MSE Master of Science in Engineering

The Swiss engineering master's degree

Each module contains 3 ECTS. You choose a total of 10 modules/30 ECTS in the following module categories: 

  • 12-15 ECTS in technical scientific modules (TSM)
    TSM modules teach profile-specific specialist skills and supplement the decentralised specialisation modules.
  • 9-12 ECTS in fundamental theoretical principles modules (FTP)
    FTP modules deal with theoretical fundamentals such as higher mathematics, physics, information theory, chemistry, etc. They will teach more detailed, abstract scientific knowledge and help you to bridge the gap between abstraction and application that is so important for innovation.
  • 6-9 ECTS in context modules (CM)
    CM modules will impart additional skills in areas such as technology management, business administration, communication, project management, patent law, contract law, etc.
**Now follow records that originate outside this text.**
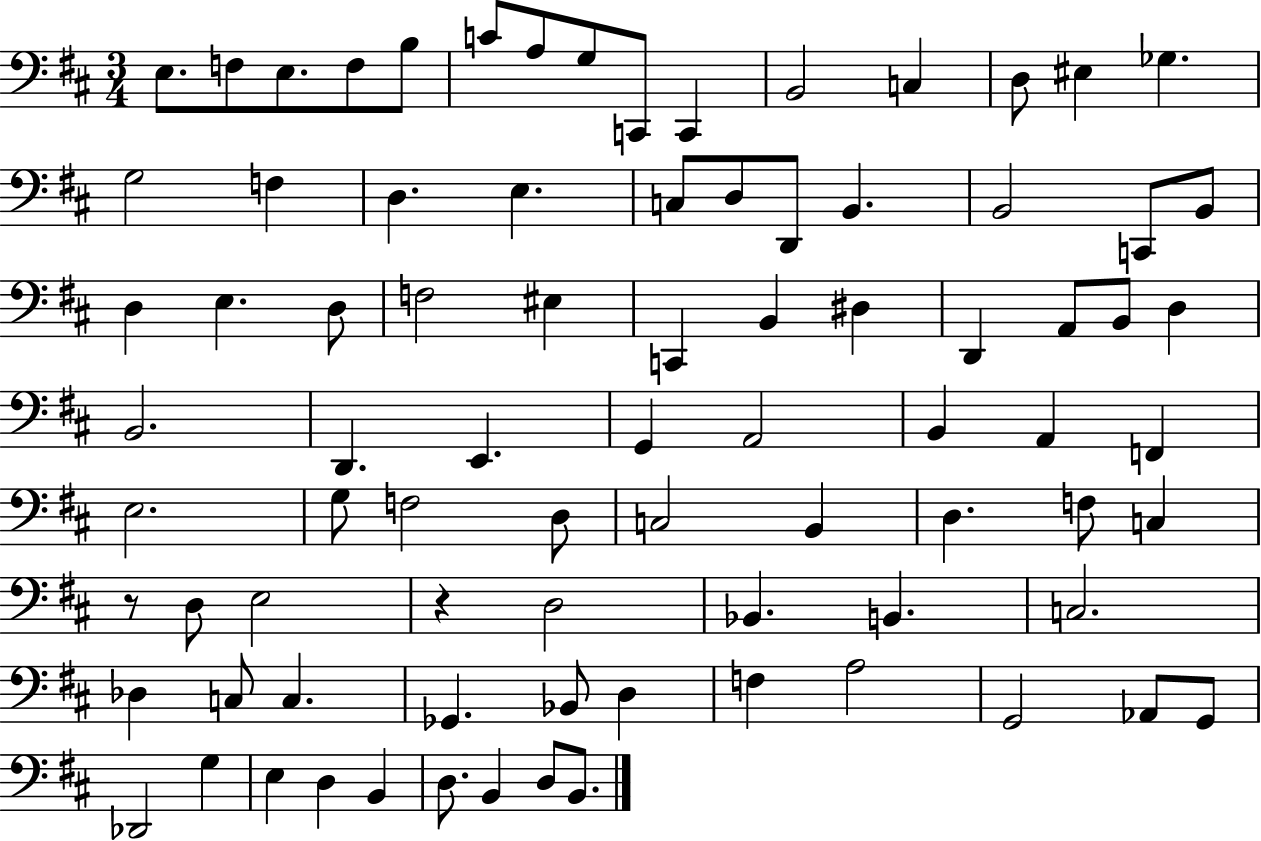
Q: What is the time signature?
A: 3/4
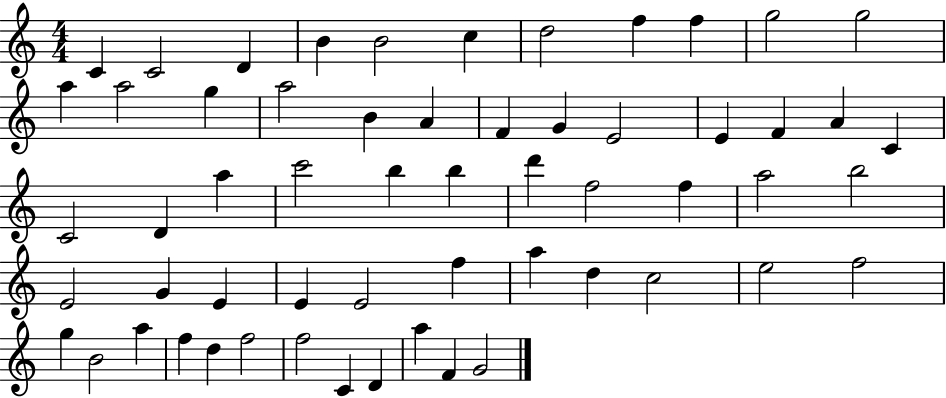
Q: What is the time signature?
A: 4/4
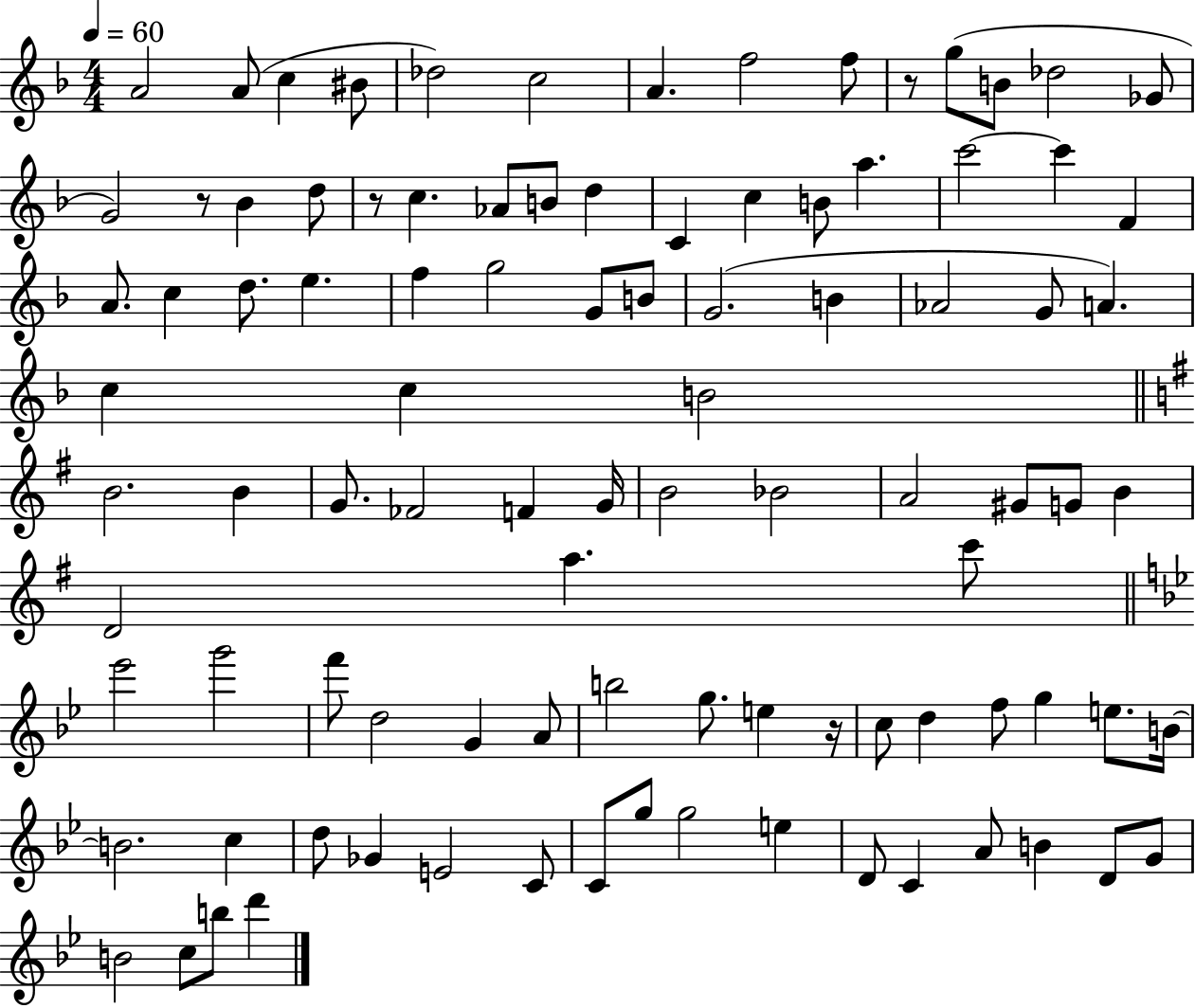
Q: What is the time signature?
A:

In the module description (download pdf) you find the entire language information per module divided into the following categories:

  • instruction
  • documentation
  • examination 
The Physics of Materials and Engineering Devices (FTP_Physics)

The students understand and are able to explain the basic principles of important engineering devices in relation to material properties and by applying microscopic concepts. These concepts include electrons and holes in solids, energy band structures of metals and semiconductors, polarization mechanisms in dielectrics and in piezoelectric materials, elementary dipole moments in magnetic materials and pairing of electrons in superconductors (Cooper pairs). Actual applications such as thermocouples, photovoltaic cells (solar cells), light emitting diodes (LED), piezoelectric actuators, magnetic sensors and data storage devices can be discussed by means of these concepts. This module will allow the students to understand modern concepts of prevailing technologies and use them in the future.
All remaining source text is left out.